# First Time Fursona Help?!?



## FluffyStryker (Feb 27, 2016)

Alright! I'm brand new to all of this and soo desperately need someone's help! I've been interested in furry art for awhile and have pretty much nailed down my fursona. What now? I can't draw it to my liking and don't want to rip off of someone else's, so before I contact someone to commission a drawing for me...

-Is it acceptable among the community to 'copy' another art piece for the general face shape, with a different color pattern?
-How much money is reasonable for a toony-type picture? Looking at semi realism here, not too crazy
-How much will an artist put up with my gripes about how I want my fursona to look? Right now I have the color scheme of a bio cross breed dog that I feel is great (a picture of the face/muzzle), and about 3 pieces of art that are someone else's (furry). I want different characteristics from the three with the colors of the dog... How do I go about communicating that without seeming like someone crazy?

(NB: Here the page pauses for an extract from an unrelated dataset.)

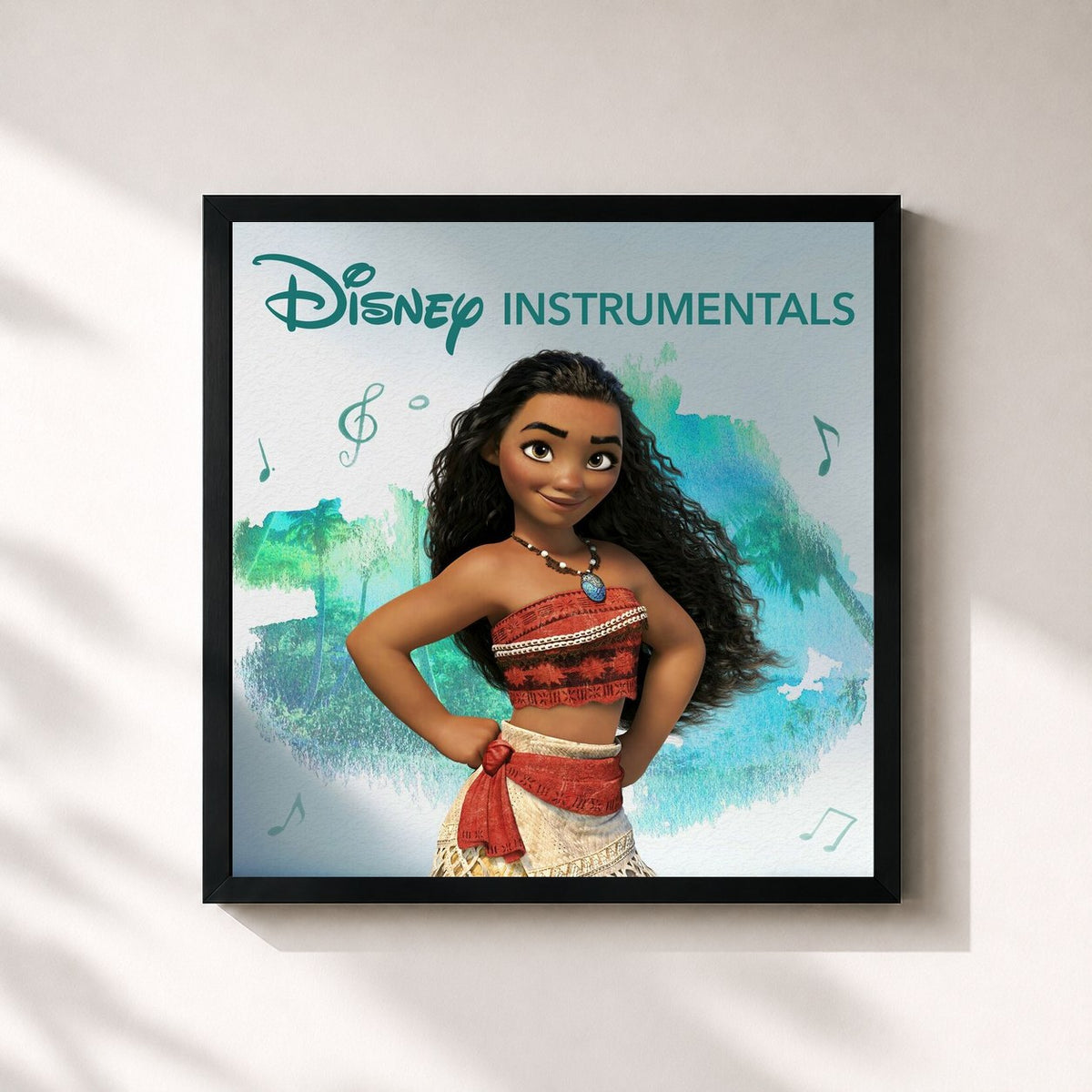 #noir Tableau carré de l'album Disney Instrumentals: Moana de Disney, cadre noir 32x32 cm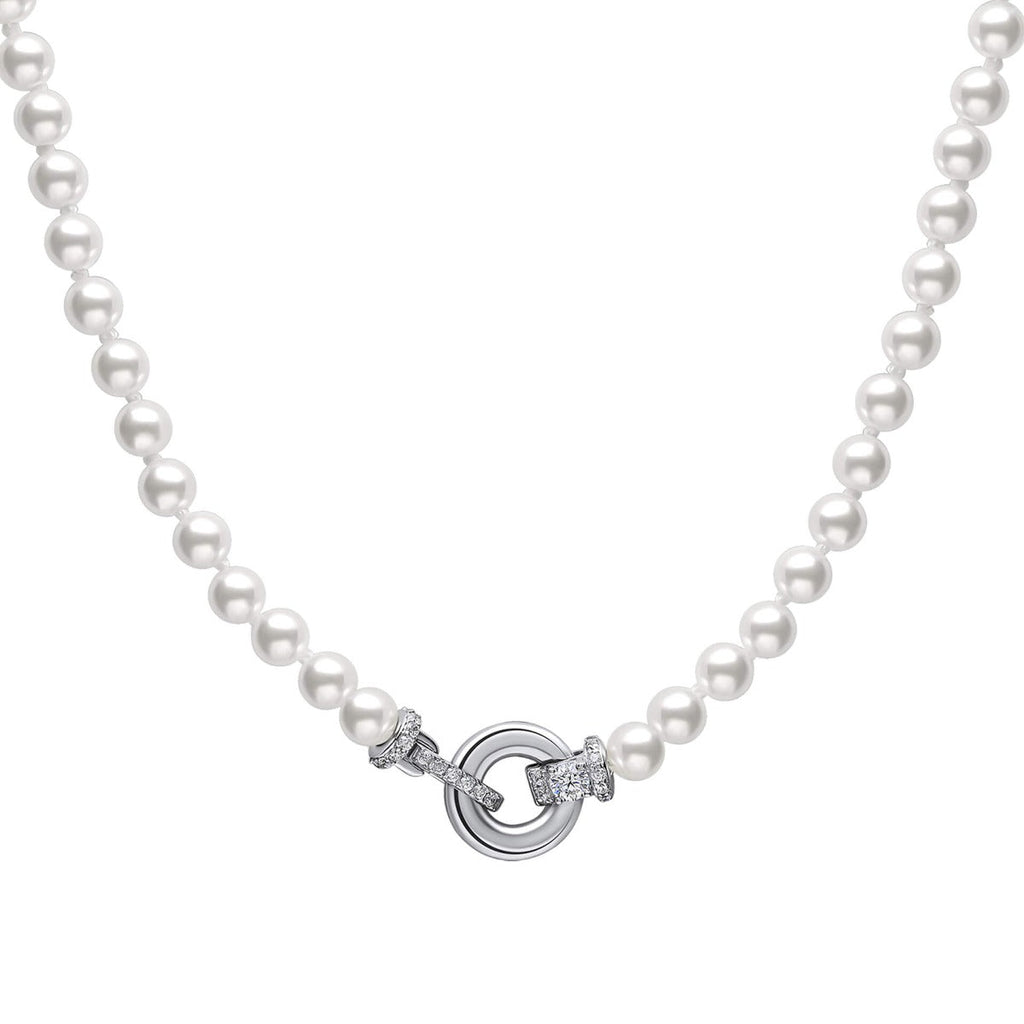Gecko Jewellery Shell Pearl Necklace with Zirconia Sterling Silver Clasp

If someone could help me sort this out that would be awesome, I'm getting into the fandom and absolutely loving it! Just need a little guidance. Thanks much
-Stryker


----------



## Sforzie (Feb 28, 2016)

--It's generally not cool to (effectively) recolor someone else's art for your own purposes.
-- Price will depend on the artist you're commissioning. It depends on how much you're willing to pay.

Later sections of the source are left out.